Am I due backed compensation?
I currently work for a company in the construction industry obviously hurting with the current economy. My employer gathered all "salaried" employees and forced us to sign a form "volunteering" to take days off without pay... I don't believe I am an exempt employee as I do not manage anyone and my salary is my only compensation.
Does my employer owe me for these days off? Also, my fellow co-workers and I work an average 45-50 hour work week yet we are never given overtime pay. I have never been paid overtime since I started in 2006. Am I due this compensation as well?
If so, what action could/should I take with this being in the state of Arizona??
Answers (1)
You have asked two questions that have nothing to do with one another. First, an employer can reduce your work days as your employer has, regardless of whether you are salaried or hourly (I assume you are an "at-will" employee as most private sector employees are). The second question is a bit more complicated.
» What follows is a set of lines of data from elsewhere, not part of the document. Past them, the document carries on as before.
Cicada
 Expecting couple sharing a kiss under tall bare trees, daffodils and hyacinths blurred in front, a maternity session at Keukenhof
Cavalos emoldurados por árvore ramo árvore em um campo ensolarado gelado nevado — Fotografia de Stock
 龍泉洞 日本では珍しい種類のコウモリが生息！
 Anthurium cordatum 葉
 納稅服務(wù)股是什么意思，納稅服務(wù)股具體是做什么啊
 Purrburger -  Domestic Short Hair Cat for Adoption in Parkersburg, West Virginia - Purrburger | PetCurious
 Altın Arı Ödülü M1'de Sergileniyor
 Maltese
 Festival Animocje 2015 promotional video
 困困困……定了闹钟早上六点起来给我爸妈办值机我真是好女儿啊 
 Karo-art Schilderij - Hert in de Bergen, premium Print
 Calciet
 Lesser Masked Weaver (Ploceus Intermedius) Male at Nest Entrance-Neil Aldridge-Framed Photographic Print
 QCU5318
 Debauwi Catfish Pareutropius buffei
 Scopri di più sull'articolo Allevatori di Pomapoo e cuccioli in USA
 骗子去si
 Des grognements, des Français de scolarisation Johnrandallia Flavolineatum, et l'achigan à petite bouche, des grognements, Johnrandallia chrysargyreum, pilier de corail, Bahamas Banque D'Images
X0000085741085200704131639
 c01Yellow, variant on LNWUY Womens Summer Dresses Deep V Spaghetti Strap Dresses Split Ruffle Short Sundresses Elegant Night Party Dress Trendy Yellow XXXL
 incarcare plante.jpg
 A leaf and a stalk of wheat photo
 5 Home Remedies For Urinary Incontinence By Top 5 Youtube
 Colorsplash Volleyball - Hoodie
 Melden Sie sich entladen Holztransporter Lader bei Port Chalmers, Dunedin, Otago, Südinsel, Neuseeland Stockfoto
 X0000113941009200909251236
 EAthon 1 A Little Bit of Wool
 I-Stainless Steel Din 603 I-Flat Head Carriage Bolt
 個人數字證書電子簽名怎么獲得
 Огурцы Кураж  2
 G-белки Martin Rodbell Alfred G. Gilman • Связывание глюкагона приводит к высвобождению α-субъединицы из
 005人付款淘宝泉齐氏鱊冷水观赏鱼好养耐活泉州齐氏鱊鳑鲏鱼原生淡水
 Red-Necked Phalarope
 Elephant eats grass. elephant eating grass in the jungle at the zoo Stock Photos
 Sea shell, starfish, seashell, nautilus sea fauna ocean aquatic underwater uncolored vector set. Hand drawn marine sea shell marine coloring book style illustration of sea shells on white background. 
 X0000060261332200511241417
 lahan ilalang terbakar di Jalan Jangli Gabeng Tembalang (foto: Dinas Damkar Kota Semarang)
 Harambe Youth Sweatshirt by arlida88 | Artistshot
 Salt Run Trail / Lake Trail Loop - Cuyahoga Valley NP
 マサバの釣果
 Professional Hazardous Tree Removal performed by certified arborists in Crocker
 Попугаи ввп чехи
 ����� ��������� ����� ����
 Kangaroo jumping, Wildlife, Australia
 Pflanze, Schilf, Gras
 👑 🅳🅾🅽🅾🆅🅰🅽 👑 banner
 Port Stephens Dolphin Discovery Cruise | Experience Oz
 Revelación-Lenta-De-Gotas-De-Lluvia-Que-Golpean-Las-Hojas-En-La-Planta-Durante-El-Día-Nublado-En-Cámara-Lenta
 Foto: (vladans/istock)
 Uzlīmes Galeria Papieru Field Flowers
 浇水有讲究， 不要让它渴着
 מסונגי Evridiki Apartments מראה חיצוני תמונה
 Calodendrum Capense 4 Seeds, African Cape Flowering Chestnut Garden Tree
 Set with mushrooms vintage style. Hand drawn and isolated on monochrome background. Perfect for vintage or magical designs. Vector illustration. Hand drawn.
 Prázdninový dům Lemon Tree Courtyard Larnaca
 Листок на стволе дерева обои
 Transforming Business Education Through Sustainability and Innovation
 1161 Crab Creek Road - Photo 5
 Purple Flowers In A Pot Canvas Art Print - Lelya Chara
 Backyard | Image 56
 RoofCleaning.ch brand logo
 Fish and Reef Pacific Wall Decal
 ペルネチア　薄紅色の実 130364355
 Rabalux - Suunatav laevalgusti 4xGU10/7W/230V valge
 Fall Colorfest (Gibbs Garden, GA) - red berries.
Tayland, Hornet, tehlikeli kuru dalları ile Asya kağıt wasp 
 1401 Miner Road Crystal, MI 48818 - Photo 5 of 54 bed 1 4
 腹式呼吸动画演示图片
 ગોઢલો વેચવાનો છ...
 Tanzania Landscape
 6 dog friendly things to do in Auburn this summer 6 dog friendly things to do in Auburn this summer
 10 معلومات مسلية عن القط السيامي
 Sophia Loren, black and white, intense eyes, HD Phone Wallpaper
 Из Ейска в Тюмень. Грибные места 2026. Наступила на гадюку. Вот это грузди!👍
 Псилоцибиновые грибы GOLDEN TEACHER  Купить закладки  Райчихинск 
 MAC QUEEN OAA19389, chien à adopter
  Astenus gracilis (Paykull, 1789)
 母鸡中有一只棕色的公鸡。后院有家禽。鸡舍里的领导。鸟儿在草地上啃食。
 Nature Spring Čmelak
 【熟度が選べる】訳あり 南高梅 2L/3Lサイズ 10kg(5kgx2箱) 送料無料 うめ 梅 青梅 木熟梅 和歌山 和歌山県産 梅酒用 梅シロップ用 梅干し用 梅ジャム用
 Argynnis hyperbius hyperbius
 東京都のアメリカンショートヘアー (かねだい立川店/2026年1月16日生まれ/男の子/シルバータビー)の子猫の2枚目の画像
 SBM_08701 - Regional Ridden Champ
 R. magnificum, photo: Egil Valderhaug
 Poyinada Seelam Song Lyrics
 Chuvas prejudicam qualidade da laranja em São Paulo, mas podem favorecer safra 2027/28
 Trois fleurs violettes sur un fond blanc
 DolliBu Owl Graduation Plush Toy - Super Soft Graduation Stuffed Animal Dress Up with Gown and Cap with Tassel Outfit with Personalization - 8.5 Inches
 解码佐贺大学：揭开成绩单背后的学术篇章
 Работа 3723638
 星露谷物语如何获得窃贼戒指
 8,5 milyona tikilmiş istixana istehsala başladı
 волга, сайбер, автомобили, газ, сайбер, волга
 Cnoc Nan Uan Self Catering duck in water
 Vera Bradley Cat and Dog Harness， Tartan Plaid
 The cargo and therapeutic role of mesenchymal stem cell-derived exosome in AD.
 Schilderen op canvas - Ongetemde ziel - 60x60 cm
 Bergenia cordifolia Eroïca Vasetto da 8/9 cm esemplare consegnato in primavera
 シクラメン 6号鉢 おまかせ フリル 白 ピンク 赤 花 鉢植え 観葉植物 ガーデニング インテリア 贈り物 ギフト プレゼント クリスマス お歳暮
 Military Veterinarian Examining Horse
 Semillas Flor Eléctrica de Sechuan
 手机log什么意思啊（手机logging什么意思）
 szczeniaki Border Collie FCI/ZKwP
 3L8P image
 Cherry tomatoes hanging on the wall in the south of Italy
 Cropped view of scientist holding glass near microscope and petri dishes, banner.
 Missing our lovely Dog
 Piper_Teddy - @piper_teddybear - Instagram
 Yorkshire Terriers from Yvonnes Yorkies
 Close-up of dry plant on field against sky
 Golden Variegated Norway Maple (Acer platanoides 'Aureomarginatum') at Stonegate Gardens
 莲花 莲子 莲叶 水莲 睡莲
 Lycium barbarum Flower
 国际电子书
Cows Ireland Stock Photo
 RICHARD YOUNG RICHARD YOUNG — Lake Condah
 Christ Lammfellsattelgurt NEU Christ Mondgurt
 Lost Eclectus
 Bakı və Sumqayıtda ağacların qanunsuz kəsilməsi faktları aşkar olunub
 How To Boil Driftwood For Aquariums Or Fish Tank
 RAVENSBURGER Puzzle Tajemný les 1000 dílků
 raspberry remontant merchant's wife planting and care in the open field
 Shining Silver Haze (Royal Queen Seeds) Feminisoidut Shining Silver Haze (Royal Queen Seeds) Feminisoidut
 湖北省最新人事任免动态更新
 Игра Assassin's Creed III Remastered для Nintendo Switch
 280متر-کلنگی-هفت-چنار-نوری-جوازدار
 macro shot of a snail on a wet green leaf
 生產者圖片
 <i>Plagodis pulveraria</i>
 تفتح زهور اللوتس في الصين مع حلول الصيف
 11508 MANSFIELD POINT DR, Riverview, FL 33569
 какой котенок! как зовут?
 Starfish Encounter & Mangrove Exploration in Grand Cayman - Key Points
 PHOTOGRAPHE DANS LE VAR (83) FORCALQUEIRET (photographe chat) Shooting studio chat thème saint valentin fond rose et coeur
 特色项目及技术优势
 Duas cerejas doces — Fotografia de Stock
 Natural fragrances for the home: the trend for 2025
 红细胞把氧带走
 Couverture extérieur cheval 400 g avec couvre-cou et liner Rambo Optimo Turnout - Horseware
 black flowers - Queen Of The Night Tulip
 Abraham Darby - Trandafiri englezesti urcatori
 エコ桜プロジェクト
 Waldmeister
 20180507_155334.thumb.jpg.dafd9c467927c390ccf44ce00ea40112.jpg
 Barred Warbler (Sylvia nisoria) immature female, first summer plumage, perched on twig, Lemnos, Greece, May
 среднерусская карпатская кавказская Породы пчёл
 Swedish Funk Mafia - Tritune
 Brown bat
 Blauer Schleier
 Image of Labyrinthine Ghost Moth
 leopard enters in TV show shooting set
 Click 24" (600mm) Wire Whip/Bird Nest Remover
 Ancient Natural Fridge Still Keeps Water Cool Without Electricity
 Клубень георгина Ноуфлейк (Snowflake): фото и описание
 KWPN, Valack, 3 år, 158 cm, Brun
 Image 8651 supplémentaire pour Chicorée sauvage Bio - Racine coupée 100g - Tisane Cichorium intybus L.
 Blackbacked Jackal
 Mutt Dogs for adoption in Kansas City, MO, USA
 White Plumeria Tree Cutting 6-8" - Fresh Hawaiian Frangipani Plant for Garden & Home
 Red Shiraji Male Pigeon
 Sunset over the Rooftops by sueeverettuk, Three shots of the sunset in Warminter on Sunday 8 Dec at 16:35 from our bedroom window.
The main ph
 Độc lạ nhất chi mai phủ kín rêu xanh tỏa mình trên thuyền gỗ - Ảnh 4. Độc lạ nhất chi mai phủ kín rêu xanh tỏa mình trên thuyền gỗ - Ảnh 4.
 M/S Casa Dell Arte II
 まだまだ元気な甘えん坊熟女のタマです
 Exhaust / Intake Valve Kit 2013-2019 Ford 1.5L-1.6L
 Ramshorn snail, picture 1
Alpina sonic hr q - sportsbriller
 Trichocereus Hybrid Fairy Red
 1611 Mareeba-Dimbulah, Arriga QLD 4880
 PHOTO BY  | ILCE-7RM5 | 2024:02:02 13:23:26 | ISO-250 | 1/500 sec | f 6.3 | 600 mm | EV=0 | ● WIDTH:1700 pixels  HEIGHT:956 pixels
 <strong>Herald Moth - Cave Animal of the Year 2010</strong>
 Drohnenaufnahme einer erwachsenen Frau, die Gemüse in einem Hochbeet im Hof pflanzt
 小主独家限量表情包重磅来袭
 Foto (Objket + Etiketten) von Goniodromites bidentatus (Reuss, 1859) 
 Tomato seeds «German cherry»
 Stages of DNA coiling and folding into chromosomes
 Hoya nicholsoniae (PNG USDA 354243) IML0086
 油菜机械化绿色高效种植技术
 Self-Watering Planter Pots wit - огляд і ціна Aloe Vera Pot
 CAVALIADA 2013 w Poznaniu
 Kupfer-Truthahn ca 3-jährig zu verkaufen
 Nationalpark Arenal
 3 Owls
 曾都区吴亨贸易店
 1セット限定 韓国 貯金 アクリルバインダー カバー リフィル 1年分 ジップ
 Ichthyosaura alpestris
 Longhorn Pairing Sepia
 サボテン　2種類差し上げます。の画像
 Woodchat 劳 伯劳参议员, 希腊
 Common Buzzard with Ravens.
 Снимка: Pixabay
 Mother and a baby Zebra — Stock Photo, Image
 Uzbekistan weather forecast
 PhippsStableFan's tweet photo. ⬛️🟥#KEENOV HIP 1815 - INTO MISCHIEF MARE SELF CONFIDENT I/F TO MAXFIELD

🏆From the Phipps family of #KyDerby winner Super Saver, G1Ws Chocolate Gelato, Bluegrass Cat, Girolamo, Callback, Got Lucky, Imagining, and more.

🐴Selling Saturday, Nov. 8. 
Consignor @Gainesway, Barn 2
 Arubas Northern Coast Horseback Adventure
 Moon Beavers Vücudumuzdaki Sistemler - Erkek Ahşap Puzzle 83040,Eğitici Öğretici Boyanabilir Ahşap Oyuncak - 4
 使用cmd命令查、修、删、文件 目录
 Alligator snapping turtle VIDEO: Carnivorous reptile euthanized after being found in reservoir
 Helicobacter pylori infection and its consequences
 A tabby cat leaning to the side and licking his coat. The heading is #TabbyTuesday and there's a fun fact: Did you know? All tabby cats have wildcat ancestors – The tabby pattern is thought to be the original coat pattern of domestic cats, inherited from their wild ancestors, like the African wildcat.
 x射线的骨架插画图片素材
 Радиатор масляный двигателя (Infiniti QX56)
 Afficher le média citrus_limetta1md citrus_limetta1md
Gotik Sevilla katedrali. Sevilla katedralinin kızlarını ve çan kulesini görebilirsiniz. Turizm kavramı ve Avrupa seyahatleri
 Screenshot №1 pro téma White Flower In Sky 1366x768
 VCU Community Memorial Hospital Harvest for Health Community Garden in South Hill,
Exempt employees are not limited to managerial employees. There are a number of other categories of exempt employees. Whether your position falls within one of those exemptions requires a review of your job description and your actual duties.
If it turns out you are not an exempt employee, you have two options. You can make a complaint with the U.S. Department of Labor or you can file suit under the Fair Labor Standards Act to recover the unpaid overtime and liquidated damages. The fact that you work in Arizona has nothing to do with your question. The FLSA is a federal law and the U.S. Department of Labor is a federal agency. The law is the same in all states.
Be prepared for a surprise when you go to calculate your overtime pay. Since you are a salaried employee, even if you are non-exempt, your overtime pay has to be based on your salary, which is an annual, monthly or weekly rate of pay. This means that You have already been paid for all the hours you worked, and your claim is only for the extra due for hours over 40 in a given week. For example, if you work 40 hours in a week and are paid a weekly salary of $400, your hourly rate for that week is $10/hr. If you work 50 hours, your salary is still $400, so your hourly rate for that week is $8/hr. You are entitled to an extra $4 per hour for each hour over 40 in that week, so that amounts to 10x4 or $40. Next week's hourly rate depends on how many hours you work for that week. For a 60 hour week, your effective hourly rate is $400/60, or $6.66 per hour. Your overtime claim for that week would be 20 hours x 1/2 of $6.66, or $66.60. Not nearly what you might expect.